### TASK INPUT
■ ■ ■ ■ ■ ■ ■
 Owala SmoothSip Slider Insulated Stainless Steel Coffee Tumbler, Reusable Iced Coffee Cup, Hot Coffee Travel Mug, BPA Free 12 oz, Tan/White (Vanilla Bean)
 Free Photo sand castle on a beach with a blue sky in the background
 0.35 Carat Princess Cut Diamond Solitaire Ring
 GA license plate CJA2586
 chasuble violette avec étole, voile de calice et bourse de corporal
■ ■ ■ ■ ■ ■ ■
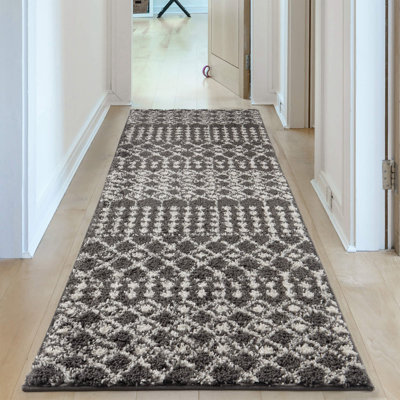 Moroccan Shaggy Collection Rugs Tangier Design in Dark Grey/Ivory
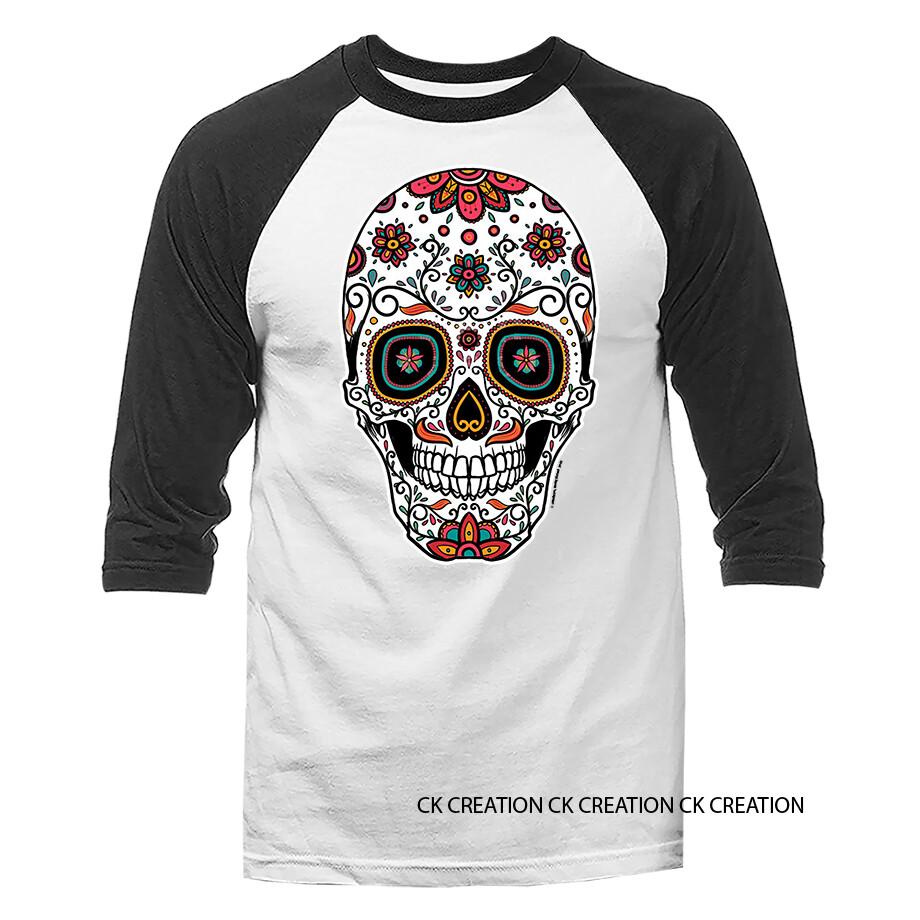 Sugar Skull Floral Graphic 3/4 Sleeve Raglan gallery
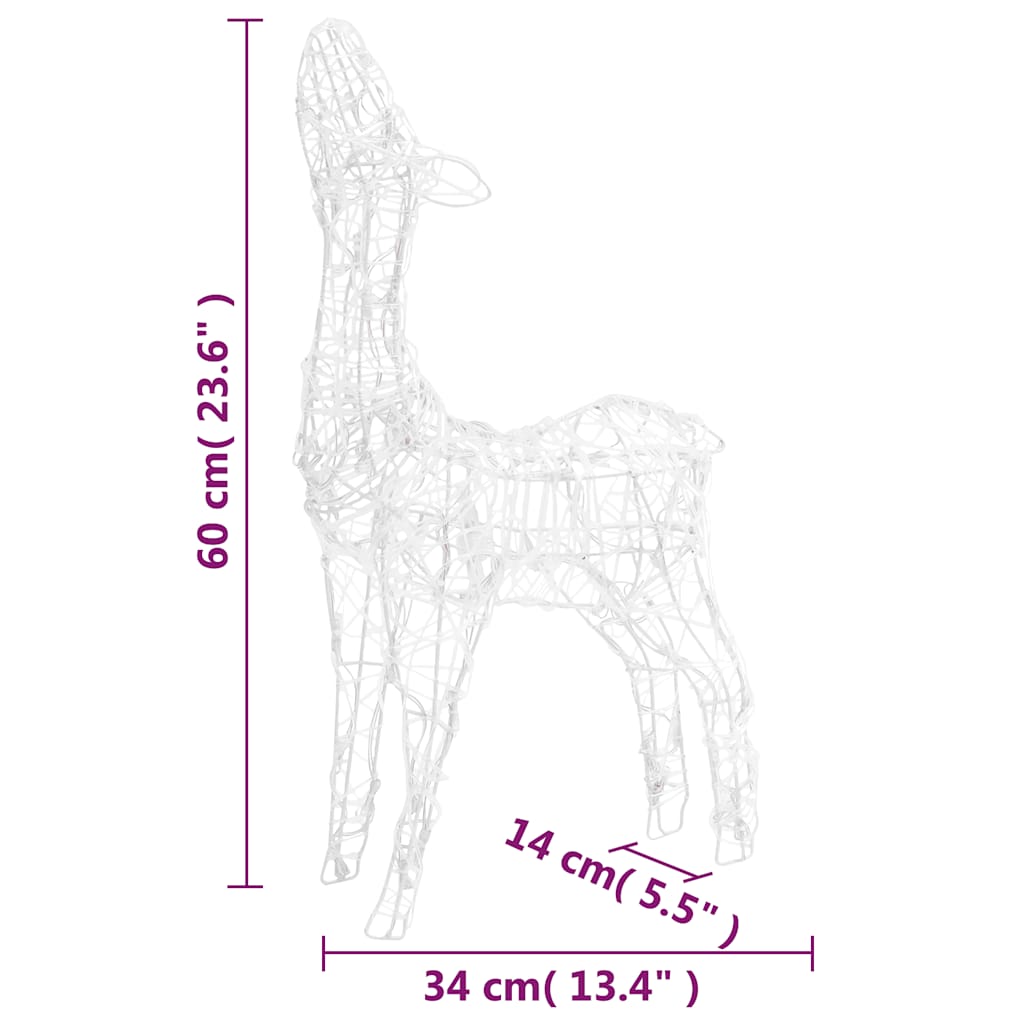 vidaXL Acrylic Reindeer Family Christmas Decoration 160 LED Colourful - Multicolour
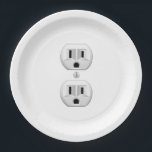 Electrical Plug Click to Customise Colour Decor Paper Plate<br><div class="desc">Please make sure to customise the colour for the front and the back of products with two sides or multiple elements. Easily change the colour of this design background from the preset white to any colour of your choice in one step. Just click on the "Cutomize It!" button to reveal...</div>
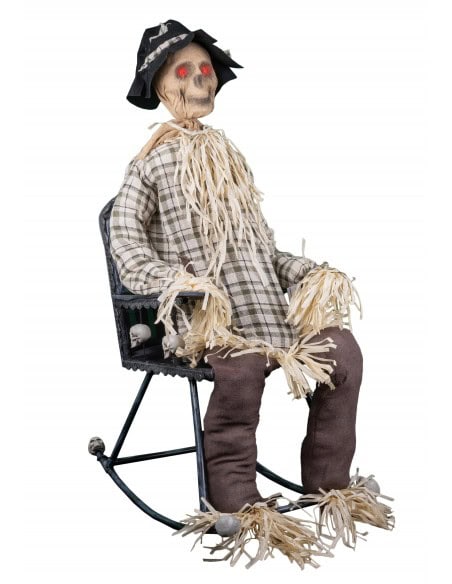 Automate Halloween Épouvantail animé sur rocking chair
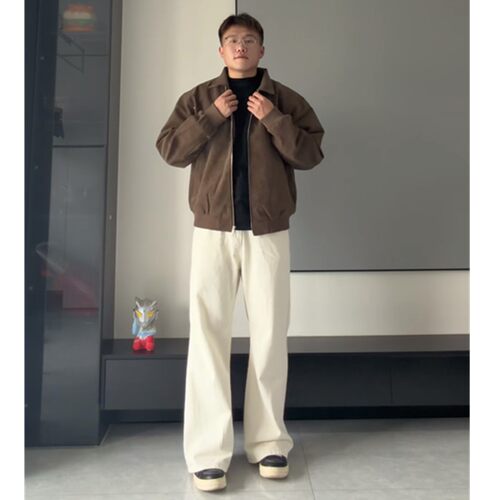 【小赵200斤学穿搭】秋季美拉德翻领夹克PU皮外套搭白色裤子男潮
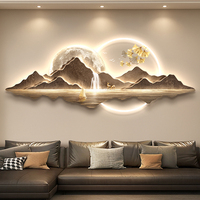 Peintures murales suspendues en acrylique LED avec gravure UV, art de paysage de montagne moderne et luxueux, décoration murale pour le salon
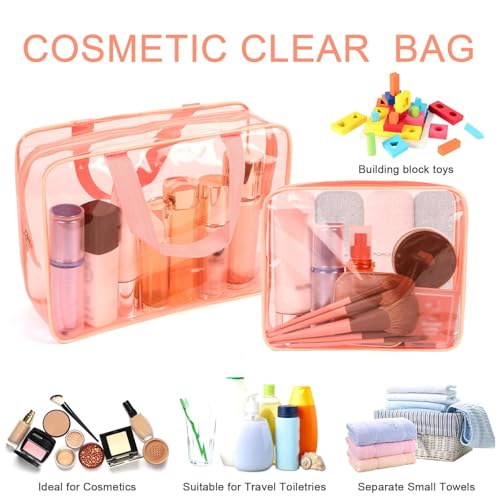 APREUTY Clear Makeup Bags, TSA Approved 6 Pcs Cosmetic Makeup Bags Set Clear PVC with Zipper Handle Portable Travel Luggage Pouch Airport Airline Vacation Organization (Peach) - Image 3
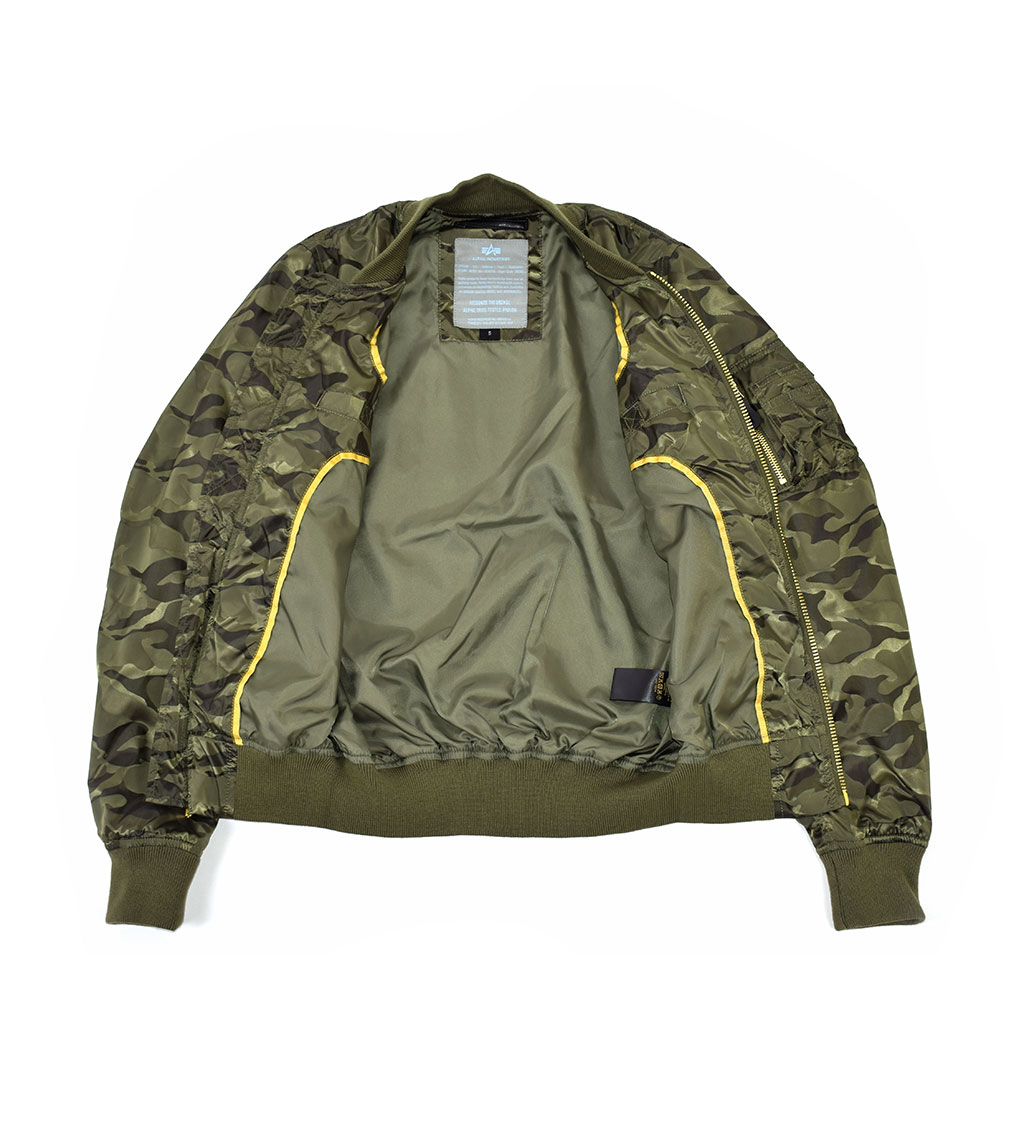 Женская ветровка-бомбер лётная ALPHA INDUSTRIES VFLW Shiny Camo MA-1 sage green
■ ■ ■ ■ ■ ■ ■
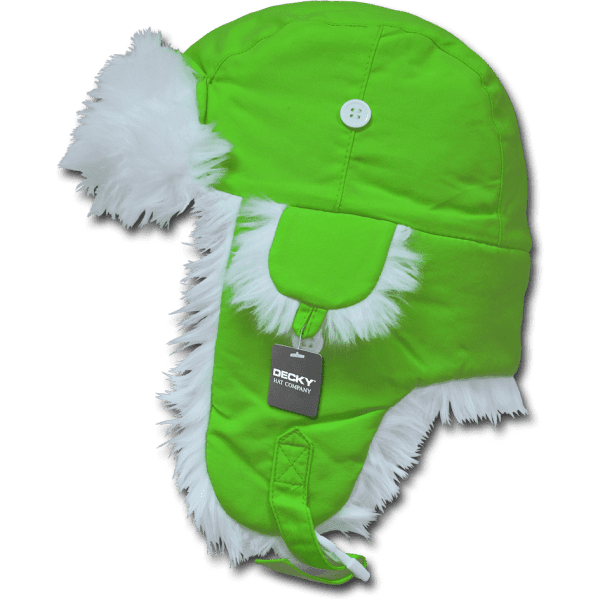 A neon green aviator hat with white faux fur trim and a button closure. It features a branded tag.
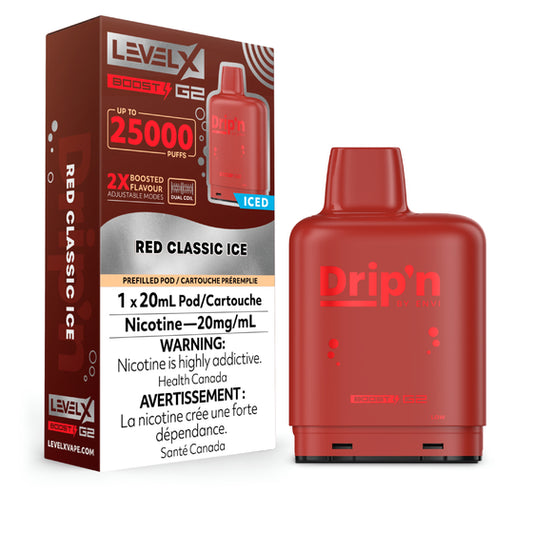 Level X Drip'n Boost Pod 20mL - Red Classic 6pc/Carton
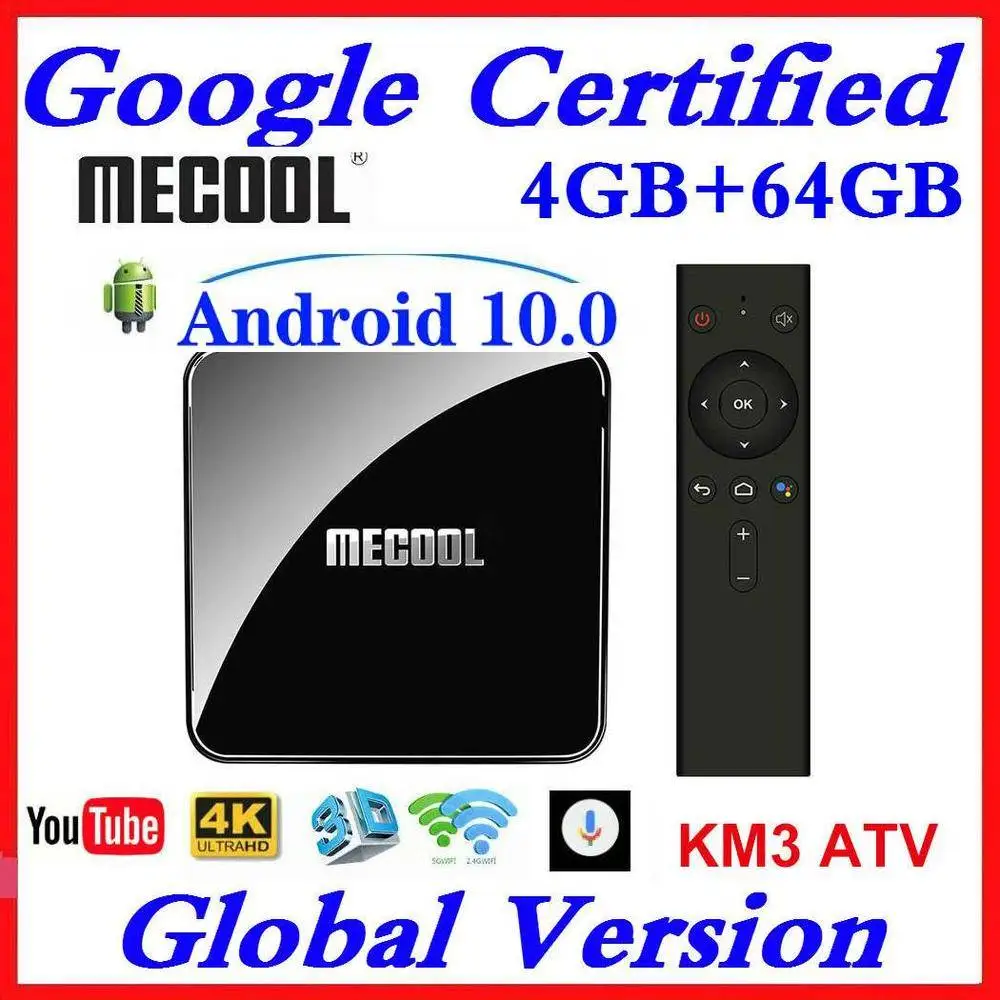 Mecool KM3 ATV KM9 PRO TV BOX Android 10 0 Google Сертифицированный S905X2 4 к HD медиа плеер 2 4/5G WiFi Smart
■ ■ ■ ■ ■ ■ ■
### EXERCISE DETAILS
Give back, word for word, only the lines above from the line holding "Owala SmoothSip Slider" to the line holding "chasuble violette avec", both included.

### OUTPUT FOR THIS TASK
 Owala SmoothSip Slider Insulated Stainless Steel Coffee Tumbler, Reusable Iced Coffee Cup, Hot Coffee Travel Mug, BPA Free 12 oz, Tan/White (Vanilla Bean)
 Free Photo sand castle on a beach with a blue sky in the background
 0.35 Carat Princess Cut Diamond Solitaire Ring
 GA license plate CJA2586
 chasuble violette avec étole, voile de calice et bourse de corporal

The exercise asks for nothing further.